On the other hand, others argue that, far from addressing this need to affordably house more city-dwellers, most new skyscrapers – given their huge development costs – meet only a perceived, perhaps temporary, need to supply more office space, luxury hotels or investment apartments for wealthy non-residents.
Cash-strapped local authorities can’t resist selling the land and approving building. Meanwhile, opponents complain that unrestricted and too often ill-considered skyscrapers can destroy the flavour of a city.
“This push towards more towers is especially a pressure, aesthetically at least, for cities of historic architecture,” says Barbara Weiss, an architect and founder of Skyline, a campaign to curtail London’s proposed tall building boom. “Yet it’s not limited to them.
The fact is that there are good and bad ways of doing towers, and there are a lot of bad ones going up. This tower boom is really a worldwide crisis. You’re either potentially losing something precious or, at best, missing a real opportunity for positive city planning.”
Wood concedes that a lot of the latest “attention-grabbing” towers are “pretty crap”, tall for tall’s sake and poorly integrated into the wider fabric of the cities they can, for good or ill, come to represent. Certainly, while it can be spun both positively and negatively, a further reason often given for building an especially monumental skyscraper is the creation of a civic iconongraphy. It’s part of a city’s branding, arguably important to trade. It’s about ego.
“A tall building has become a city’s signature,” argues Philippe Honnorat, head of building services for WSP, one of the world’s largest structural consultancy firms, operating in 40 countries and the company behind London’s Shard, Hong Kong’s Bank of China Tower, as well as New York’s ‘Freedom Tower’, officially known as One World Trade Center.
“Tall buildings are not about being part of some fashion,” he says. “The economics of building them are just too complex and it’s actually incredibly difficult to take these projects forward, not just in structural terms but given the responsibility that goes with making something so highly visible. But cities do want to signal themselves to the rest of the world. Of course, a high-rise is not the only way of doing that but it’s easiest to understand. You could have a fantastic stadium or incredible airport but would they be as effective?”
It is, arguably, why Taipei built the Taipei 101 – tellingly named to flag its host city – and why Jeddah is currently building the Kingdom Tower, at over 1km high and set to be the new world’s tallest building. Seemingly height, rather than architectural innovation, is increasingly viewed as the only way one tower might distinguish itself over the many others.

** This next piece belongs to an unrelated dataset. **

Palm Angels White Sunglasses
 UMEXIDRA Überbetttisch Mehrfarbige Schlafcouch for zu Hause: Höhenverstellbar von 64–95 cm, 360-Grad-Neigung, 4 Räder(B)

It is also–as long as the commercial logic remains – why more and more skyscrapers are likely to be built. Remarkably, London, which might be considered the epicentre of the debate following the building of the Shard, in equal parts loved and hated, now has some 250 or so tall buildings currently consented or proposed, with 49 of them over 40 storeys tall. New, stronger, more durable materials and building technologies mean such structures, once the exception rather than the rule, can be put up at a breakneck pace.
Ponder this too. It also means they are built to last, and deliberately so. Add in the fact that skyscraper locations are typically prime inner-city spots – making them, in sum, incredibly expensive to erect – and that means they are also incredibly expensive to demolish too. Like it or not, every new tower you see go up is likely to be there for your great grandchildren.